With a view to reducing the use of conventional chemicals in industry and other sectors, green chemistry complements a range of existing alternatives. These include, for example, the in situ generation ofa fresh disinfectant solution by electrolysis using only water, salt and electricity. In a similar way, the combined UV-C treatment with the addition of hydrogen peroxide, which can also be produced in situ, can also be an excellent alternative to the use of conventional chemicals, depending on the circumstances.

These alternatives are highly effective in preventing bacterial growth and produce fewer, if any, by-products in the waste stream, making them a viable option when evaluating the replacement of certain traditional biocides in chemical treatment strategies for industrial water.

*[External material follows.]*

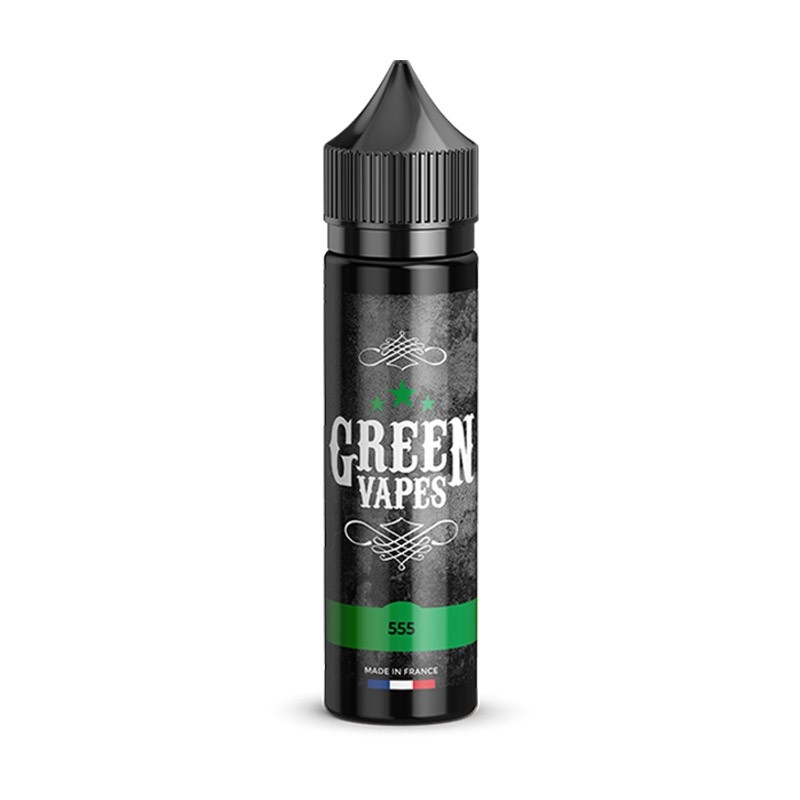 e-liquid 555 50 ml - Green Vapes cheap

These alternative processes bring eco-responsible chemical manufacturing into the plant, enabling control of water treatment and management of the value chain, costs and monitoring.

These are strategies that respond to the challenges of ecological transition and anticipation of regulatory changes in the industry, driven by the social and environmental responsibility of manufacturers, but also by their customers, partners and public authorities. In this context, it is the role of service providers to innovate and to make these innovations accessible in order to support their industries in this transition.